Commentary: There is no consensus on the appropriate role for a care coordinator in the MCO’s decision-making as to whether an item or service will be covered for an enrollee for whom the care coordinator is responsible. Some believe that, because of his or her knowledge of the enrollee’s circumstances, the care coordinator is the most appropriate person to make coverage determinations affecting that enrollee. Others believe that the care coordinator’s primary responsibility is to advocate within the MCO on behalf of the enrollee, and that requiring the care coordinator to manage the enrollee’s utilization of services would be inconsistent with this responsibility.

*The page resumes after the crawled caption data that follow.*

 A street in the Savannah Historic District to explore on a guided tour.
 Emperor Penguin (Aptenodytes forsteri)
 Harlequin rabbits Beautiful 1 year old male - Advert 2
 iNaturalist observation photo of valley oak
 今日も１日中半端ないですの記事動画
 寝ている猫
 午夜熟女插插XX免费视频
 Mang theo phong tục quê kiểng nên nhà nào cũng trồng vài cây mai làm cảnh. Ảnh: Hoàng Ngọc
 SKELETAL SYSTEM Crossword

The following illustrative language attempts to strike a balance between these two views by authorizing the care coordinator, with the consent of the child's family or caregiver, to provide information to the personnel making the coverage determination but not to participate directly in the determination itself.

(1) Prohibition on Participation in Coverage Determination — Contractor shall ensure that no care coordinator (as defined in §108(b)) participate directly in a determination as to whether an item or service sought by an enrolled child with special health care needs (as defined in §108(c)) will be covered under [drafter insert name of purchasing document].

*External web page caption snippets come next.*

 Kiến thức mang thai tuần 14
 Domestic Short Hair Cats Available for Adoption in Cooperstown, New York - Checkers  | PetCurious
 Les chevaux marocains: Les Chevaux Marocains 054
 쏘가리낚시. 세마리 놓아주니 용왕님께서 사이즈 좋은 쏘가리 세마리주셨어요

(2) Provision of Information for Coverage Determination — Contractor may authorize a care coordinator to provide to the individuals responsible for coverage determinations under this section information material to the determination regarding an enrolled child with special health care needs for whom the care coordinator is responsible, but only if the child or the child’s family or caregiver consents to the provision of such information.30

§108. Definitions

(a) Adolescent – a child age [ ]31 through 20.

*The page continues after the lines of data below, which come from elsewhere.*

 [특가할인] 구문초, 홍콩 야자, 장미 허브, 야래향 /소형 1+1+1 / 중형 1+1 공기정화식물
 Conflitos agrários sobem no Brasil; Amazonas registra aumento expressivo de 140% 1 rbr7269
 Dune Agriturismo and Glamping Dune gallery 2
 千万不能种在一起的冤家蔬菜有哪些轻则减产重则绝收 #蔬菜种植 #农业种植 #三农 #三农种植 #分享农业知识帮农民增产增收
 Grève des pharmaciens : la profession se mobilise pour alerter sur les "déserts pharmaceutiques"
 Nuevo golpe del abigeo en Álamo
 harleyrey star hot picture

(b) Care coordinator – an individual who has demonstrated experience and appropriate training in the coordination of medical and related services to children with special health care needs and who is one of the following:

(1) a physician32 (including the primary care provider selected by an enrolled child under §203(b));

(2) a registered nurse;

(3) a social worker;

(4) a family counselor;

(5) a service coordinator assigned by an early intervention program under Part C of the Individuals with Disabilities Education Act (IDEA) 20 U.S.C. §1400 et seq.; or

(6) a health educator.

Commentary: The following definition combines criteria used by HRSA's Maternal and Child Health Bureau for purposes of Title V with the definition in the Medicaid statute (which is also the definition used in HCFA's "Draft Interim Review Criteria for Children with Special Needs," June 4, 1999). The six categories listed in the following illustrative language reflects the Medicaid statute under §1932(a)(2)(A) of the Social Security Act, 42 U.S.C. §1396u-2(a)(2)(A), as added by the Balanced Budget Act of 1997 (BBA), P.L. 105-33. A recent GAO analysis of this statutory definition concludes that "it does not cover some Medicaid-eligible children whose health conditions could merit recognition as exceptional and whose treatment in a managed care setting deserves to be closely monitored." General Accounting Office, Medicaid Managed Care: Challenges In Implementing Safeguards for Children with Special Needs (March 2000) GAO/HEHS-00-37, p. 15, www.gao.gov

(c) Child with special health care needs – a child under 2133 who has a chronic physical, developmental, or behavioral condition, and requires health and related services of a type or amount beyond that which is required by children generally34, including a child who, consistent with §1932(a)(2)(A) of the Social Security Act, 42 U.S.C. §1396u-2(a)(2)(A):

(1) is eligible for Supplemental Security Income (SSI) benefits under Title XVI of the Social Security Act, 42 U.S.C. §1381 et seq.;

(2) is a child with special health care needs described in §501(a)(1)(D) of the Social Security Act, 42 U.S.C. §701(a)(1)(D);

(3) is a child described in §1902(e)(3) of the Social Security Act, 42 U.S.C. §1396a(e)(3);35

(4) is a child receiving foster care maintenance payment under §472 of the Social Security Act, 42 U.S.C. §672;

(5) is a child receiving adoption assistance under §473 of the Social Security Act, 42 U.S.C. §673; or

(6) a child who is in foster care or otherwise in an out-of-home placement.36

(d) Contractor – the managed care organization doing business as [drafter insert name] that has entered into an agreement with Purchaser under [drafter insert name of purchasing document].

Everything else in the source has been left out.